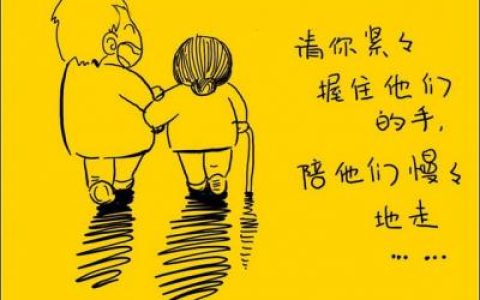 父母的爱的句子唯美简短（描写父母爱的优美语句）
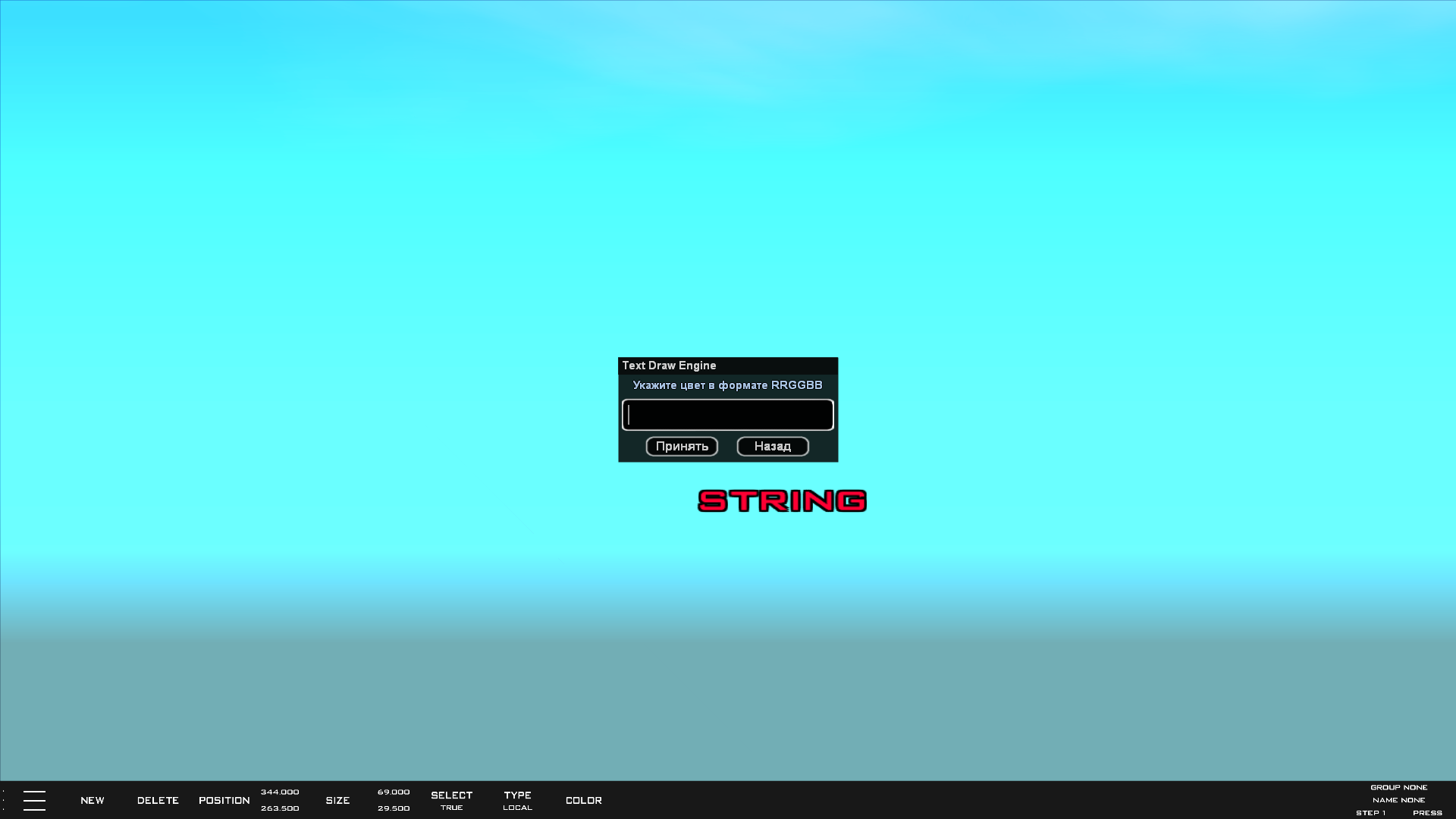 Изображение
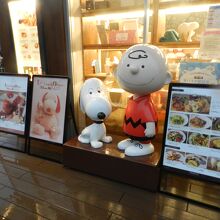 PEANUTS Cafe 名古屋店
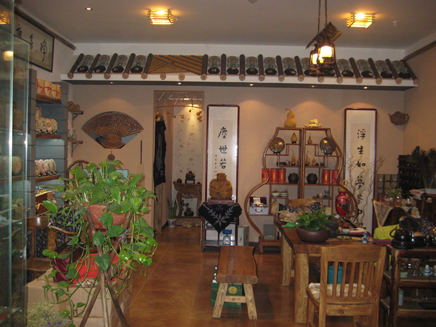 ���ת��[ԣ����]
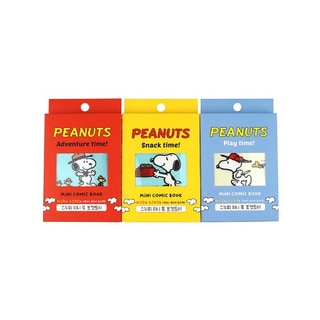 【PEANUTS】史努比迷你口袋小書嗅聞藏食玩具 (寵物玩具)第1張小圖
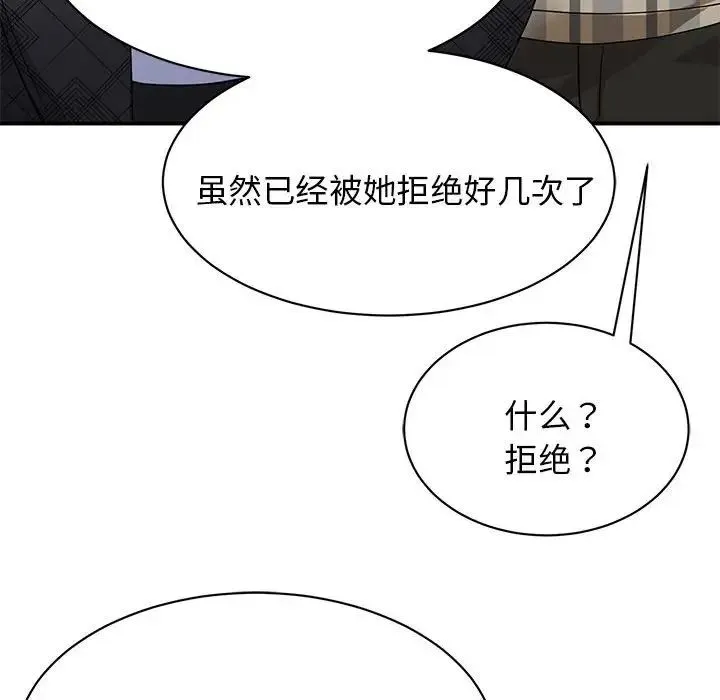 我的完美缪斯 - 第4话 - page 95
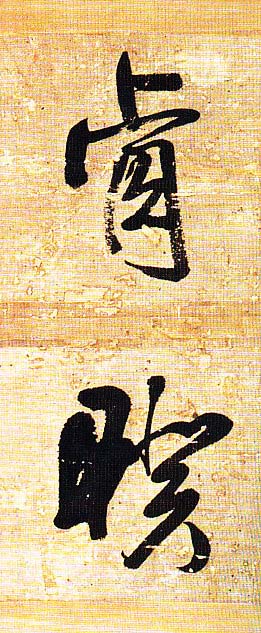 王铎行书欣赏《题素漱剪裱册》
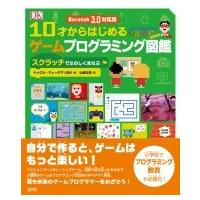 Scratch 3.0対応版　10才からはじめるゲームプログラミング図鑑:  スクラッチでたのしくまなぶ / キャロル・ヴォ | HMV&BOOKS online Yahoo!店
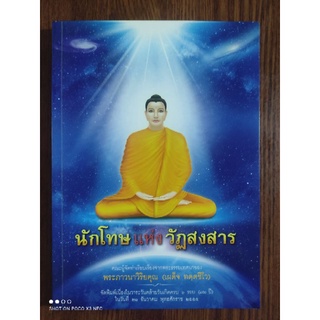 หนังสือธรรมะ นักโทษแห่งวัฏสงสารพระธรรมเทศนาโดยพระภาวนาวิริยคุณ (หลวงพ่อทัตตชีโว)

· · · · · · ·

● **WHAT IS NEEDED**: Each record above should be repeated exactly, please, without pictures.

● **TASK RESPONSE**:
 父母的爱的句子唯美简短（描写父母爱的优美语句）
 Изображение
 PEANUTS Cafe 名古屋店
 ���ת��[ԣ����]
 【PEANUTS】史努比迷你口袋小書嗅聞藏食玩具 (寵物玩具)第1張小圖
 我的完美缪斯 - 第4话 - page 95
 王铎行书欣赏《题素漱剪裱册》
 Scratch 3.0対応版　10才からはじめるゲームプログラミング図鑑:  スクラッチでたのしくまなぶ / キャロル・ヴォ | HMV&BOOKS online Yahoo!店
 หนังสือธรรมะ นักโทษแห่งวัฏสงสารพระธรรมเทศนาโดยพระภาวนาวิริยคุณ (หลวงพ่อทัตตชีโว)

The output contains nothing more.